Why do we encourage full-throated expression in the first place? We can all agree I think that words are a multi-faceted tool------they inspire, condemn, enthrall, confuse, and liberate us, inter alia. We applaud "free speech" because we accept the idea that all of us have an incomplete understanding of our world; we need one another to help our knowledge grow. When we hear others say the things we would not or do not know to say, we are challenged to rethink, instead of anchoring ourselves in our current level of understanding. We assume that collective well-being is enhanced by robust speaking, writing and listening.
Of course, some words in some contexts should be discouraged because causing a crowd to panic and potentially harm large numbers of other people by a shout of "fire" is a clear social ill. But who draws the boundaries of that "clarity" and what criteria do they deploy when labeling some words unacceptable? Should we vote on which words and contexts are unacceptable? Should we allow dominant political leaders to define which words are unacceptable? Or maybe, we should allow the majority of university administrators, humanities professors, or student affairs administrators to provide the proper list of unacceptable words for the rest of us to obey?
An enormous array of words has the capacity to cause pain to some aggregate of humans. For example, on a college campus certain words that may appear in every 3rd sentence of casual conversations among students can arouse the anger and disappointment of most American families. As a result, should those words be chastised when we hear them? Should those who use them be greeted with sanctimonious protests?

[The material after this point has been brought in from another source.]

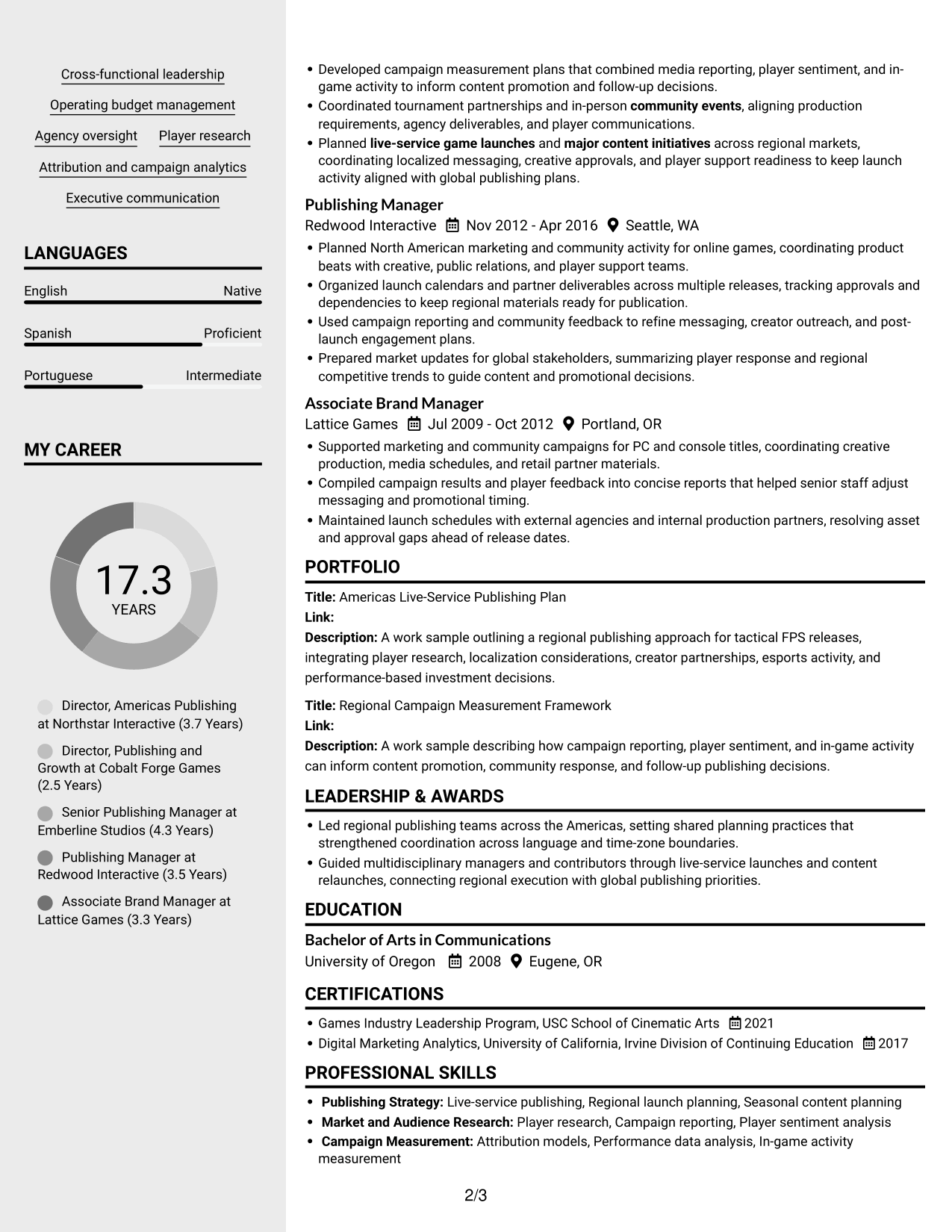 Resume example — page 2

When we encourage free speech, we assume that humans in the main have the ability to endure words they wish did not exist. We know that some will have to work hard to be resilient in the face of words they wish were never used. But we are so committed to the desirability of hearing one another that we are proud that we aim for a culture where undesirable words are heard in public spaces. We value the potential benefits from hearing speech we abhor because we realize that belief perseverance is commonplace and requires a jolt sometimes to permit a re-examination.
What can we agree about? Let me suggest some candidates.

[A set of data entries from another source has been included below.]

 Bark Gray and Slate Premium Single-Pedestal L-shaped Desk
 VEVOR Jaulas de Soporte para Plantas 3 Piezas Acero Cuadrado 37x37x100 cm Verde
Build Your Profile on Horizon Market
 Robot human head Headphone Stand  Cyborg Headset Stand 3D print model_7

A, Diverse speech is generally desirable.
B. Diversity of speech almost guarantees that we will hear some speech we prefer not to hear.
C. No one has the right to claim that his or her pain upon hearing certain words is so unbearable that the rest of us should stop using the word(s), AND if some people and their supporters do have that right, they need to explain why others do not have the same right.
D. Those who see their word-policing behavior as assistance to the marginalized should do at least 2 things: (1)Explain why the sensitivities of their list of the marginalized trumps the social benefits of free speech and (2) Agree that they should spend at least as much time soldiering on behalf of the marginalized by using their energies to champion wealth and income redistribution so that the marginalized have something at least approaching equal housing, educational, health, transportation, longevity and voting opportunities.
1. Is there systematic evidence that pain from words is so biting that its psychological clout would nullify the desired effects of a much more fair distribution of life's opportunities than we have now?
2. Am I disqualified from making the argument I made above because I am far from being a member of any marginalized group?
3. Do those who feel deputized to enforce proper word usage have a special moral lens permitting them to see horrors that others minimize?